Most people immediately grasp the dangers that conventional pain medications carry. And, because pain is largely in the eye of the person suffering from it (testing for pain is not like taking a person's temperature or giving them an x-ray), I think it is very difficult to discount self-reports from people who say it helps them. The more that athletes speak out about this, I think the more average folks will accept (with good reason in my view) that marijuana can be used to treat pain and that it might be a better option than other medications.
Here's Clark on the subject:
Clark, a 12-year veteran, discussed the topic of marijuana use and the league's testing system Thursday morning on ESPN's "First Take."
"I know guys on my team who smoke," Clark said. "And it's not a situation where you think, 'Oh, these are guys trying to be cool.' These are guys who want to do it recreationally.
"A lot of it is stress relief.
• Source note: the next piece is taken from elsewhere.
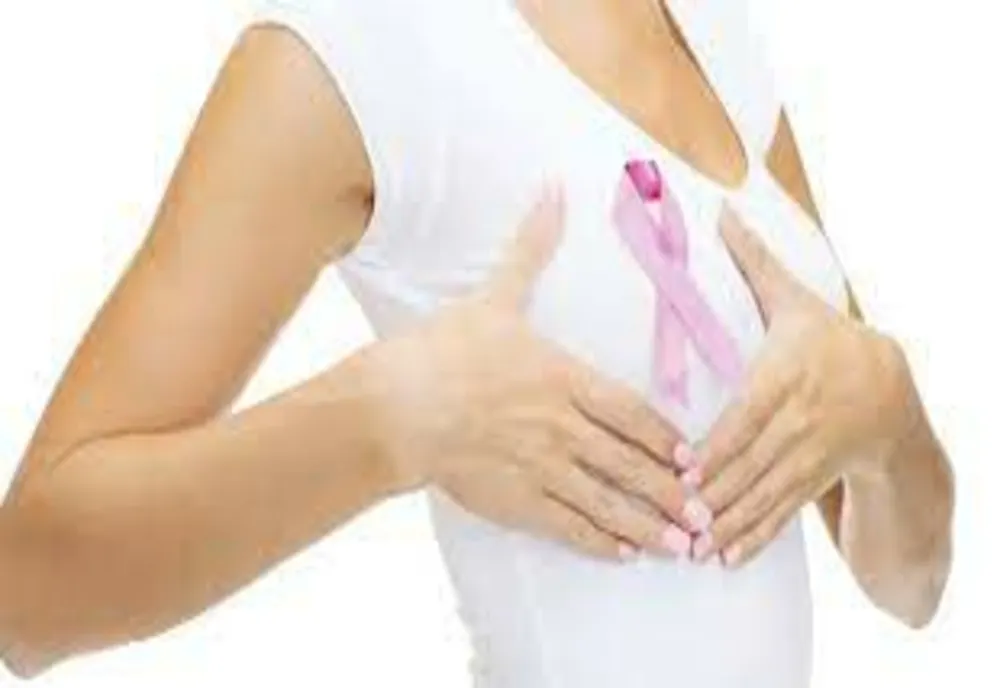 Sesiune de informare medicală bilingvă cu medici specialiști în cancerul de sân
A lot of it is pain and medication. Guys feel like, 'If I can do this, it keeps me away from maybe Vicodin, it keeps me away from pain prescription drugs and things that guys get addicted to.' Guys look at this as a more natural way to heal themselves, to stress relieve and also to medicate themselves for pain. Guys are still going to do it."
Thursday, February 6, 2014
Alex raises some great questions about how the DEA evaluates the costs of drugs, and in particular, how it defines “potential for abuse” when scheduling drugs like marijuana. But I think there’s a potentially deeper problem with the Controlled Substances Act scheduling criteria, at least as I understand them: while the statute considers a drug’s medical value, it gives no weight whatsoever to a drug’s recreational value. For example, the key difference between Schedule I and Schedules II-V is that a drug on Schedules II-V has a “currently accepted medical use in treatment in the United States” and a drug on Schedule I does not.
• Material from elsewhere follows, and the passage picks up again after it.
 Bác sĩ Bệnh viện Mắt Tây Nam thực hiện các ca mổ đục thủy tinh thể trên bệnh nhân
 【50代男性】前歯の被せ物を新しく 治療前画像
Should the CSA consider the recreational value of a drug? I recognize this question raises deeply philosophical questions that are tough to resolve. And I recognize that considering “recreational value” would pose practical difficulties as well, such as figuring out how to assess the value of fun (we have a comparably easy time assigning dollar figures to things like curing diseases). But it still strikes me as odd that the CSA privileges medical utility to the exclusion of all other types of utility.
It’s possible the CSA criteria work well enough for most drugs. After all, there are thousands of scheduled substances, and I would guess that the vast majority (nearly all?) of them were designed for use in some sort of medical treatment. For these drugs, the focus on medical value (and exclusion on all other types of value) makes perfect sense.
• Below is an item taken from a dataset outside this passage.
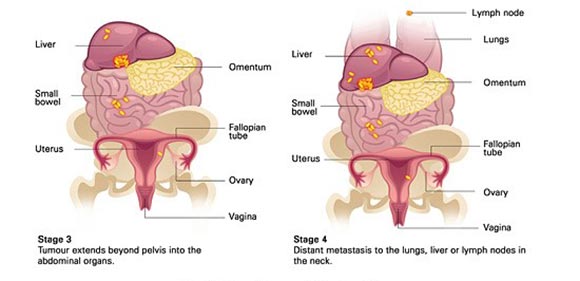 grade of ovarian cancer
But this focus doesn’t make sense for every drug. Consider alcohol. If alcohol were subject to the scheduling process, it would probably land on Schedule I (where marijuana is now) or at the very least Schedule II. After all, it has a very high potential for abuse, as anyone would define that term, and it arguably has no accepted medical use in the United States. But the CSA exempts alcohol from the list of controlled substances, because 21 U.S.C. section 802(6) expressly excludes “distilled spirits, wine, malt beverages, or tobacco” from the definition of “controlled substance.” If the CSA doesn’t make sense for alcohol (or tobacco), does it make sense for marijuana?
To the extent states like Colorado and Washington want to treat marijuana like alcohol – i.e., as a recreational substance, not (just) a medicine, subjecting marijuana to the CSA’s scheduling process – and the regulations that flow from it – poses a problem. Namely, as I pointed out in an earlier post, even if the DEA were to reschedule marijuana, it would still be subject to federal regulations that are more befitting of medicines than of recreational drugs like alcohol (e.g, one would need a prescription to buy / sell the drug). The pharmacy is probably not the right place to buy alcohol (or tobacco, per CVS’s decision) – so why make it the place where people buy marijuana?